Maldad y maldades son, llamativamente, términos que se arrojan de un lado al otro. Los kicillofistas dicen ser víctimas frecuentes de ella, que no son solo políticas sino que hasta afectan la gestión, contra la autopercepción cristicamporista de ser “demasiado colaborativos”.
La reaparición de Cristina Kirchner el domingo pasado con un discurso que fue lo más parecido a una autocrítica que ella puede hacer y en el que planteó algún tipo de renovación política y conceptual reforzó las diferencias con Kicillof.
El llamado cristinista a no hacer críticas de cliché, por ejemplo, respecto del blanqueo de los dólares del colchón, y a dejar atrás la consigna del “Estado presente” para reciclarla en la del “Estado eficiente” contrastó demasiado con el anuncio del gobierno bonaerense, hecho menos de 24 horas después, de que mantendría los controles ante el uso de esas divisas no declaradas.
“Cristina vampiriza a sus opositores. Ella rejuvenece envejeciéndolos”, señaló un agudo observador. Aprovecha la ventaja de ser inmune a las contradicciones. Ella misma y sus fieles la absuelven. Sus críticos internos, que no se animan a enfrentar las consecuencias de una ruptura, no gozan de ese privilegio. Unos temen que cualquier renovación de la doctrina y la praxis kirchnerista, sin aval superior, pueda condenarlos. Y otros sencillamente creen en el viejo catecismo que la jefa se anima modificar cuando lo cree conveniente para mantener su vigencia. Un dilema hasta ahora irresoluble.
El acto del nuevo espacio kicillofista (Derecho al futuro), que se hará este sábado será un test y, tal vez, el punto de quiebre del actual statu quo. La fractura o un acuerdo van a ser evaluados en ese escenario y a la luz de lo que ahí pase y se diga.
“Hasta ahora Axel ha mostrado más solicitadas que músculo”, desafía una fuente que suele verbalizar lo que piensan Cristina y Máximo.

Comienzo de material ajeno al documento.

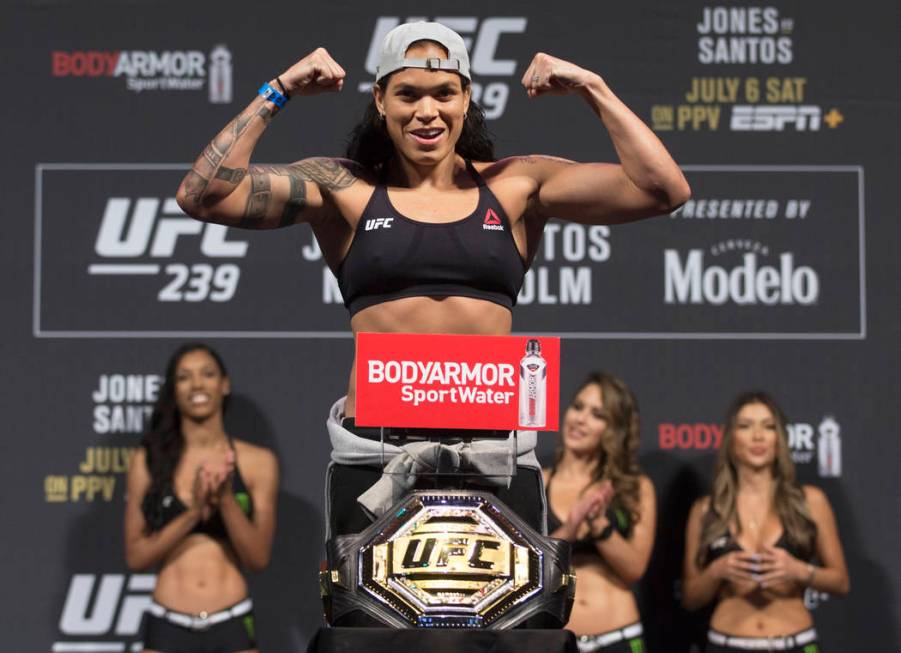 UFC bantamweight champion Amanda Nunes weighs in for UFC 239 on Friday, July 5, 2019, at T-Mobi ...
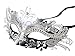 Coxeer Laser Cut Metal Lady Masquerade Halloween Mardi Gras Party Mask (Silver & Black)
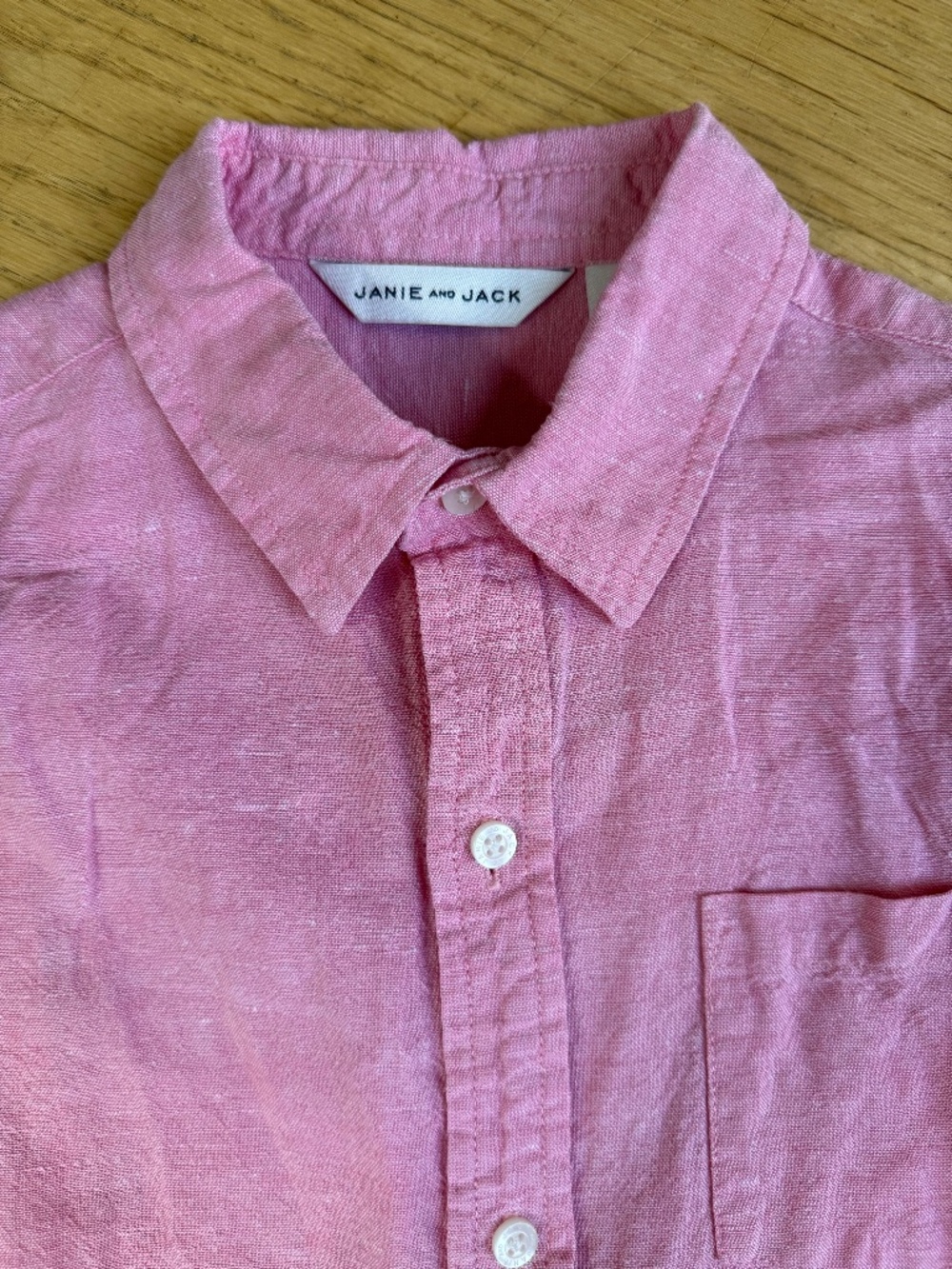 Janie and Jack Boys Pink Long Sleeve Button Down Size 8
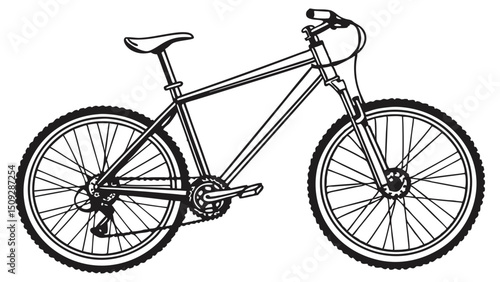 Detailed line drawing of a bicycle with visible frame, wheels, seat, and handlebars on white background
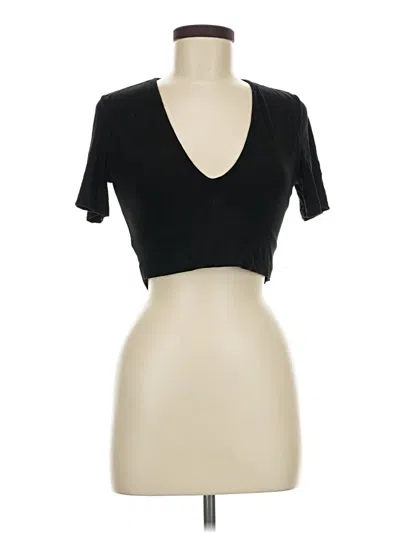 Pre-owned Klassy Network Short Sleeve Top Black Plunge Neckline Tops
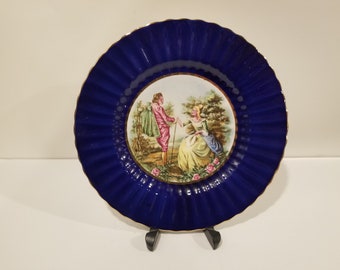 Vintage Royal Victoria Wade Pottery Dinner Collector Plate, azul cobalto con adornos dorados, Inglaterra, años 20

Al lado del gobernador responden que ya han hecho actos multitudinarios, y que el sábado habrá “40 intendentes, la dirigencia de las tres centrales obreras y todas las corrientes internas, salvo La Cámpora”.
El Gobierno celebra y potencia en la medida que puede esa interna. Los aceitados vínculos que el superasesor Santiago Caputo mantiene y alimenta con el camporista Eduardo de Pedro abonan en el kicillofismo muchas sospechas sobre el trato que recibe la administración provincial del gobierno nacional. También, sobre los vaivenes en el Senado respecto de la integración de la Corte.
Así de complicadas tiene las cosas el peronismo para sostener su bastión. Mientras, el oficialismo avanza para consolidar una amplia oferta polarizadora, a la que con el auxilio del bicolor Cristian Ritondo se proponen sumar al radicalismo de la mano de Maximiliano Abad. Todavía esa conversación está en pañales y los radicales tienen más poder territorial que los macristas para poner condiciones.
Mucho dependerá de lo que estén dispuestos a ceder Javier y Karina Milei para tratar de que, con los logros en materia económica y los errores que pueda evitar cometer, el peronismo se parezca al de 1997 y no al de 2017.
En el horizonte, los libertarios ya avizoran 2027. Su sueño es repetir, entonces, lo que hizo el kirchnerismo en 2007. Todo puede rimar. O ser cacofónico.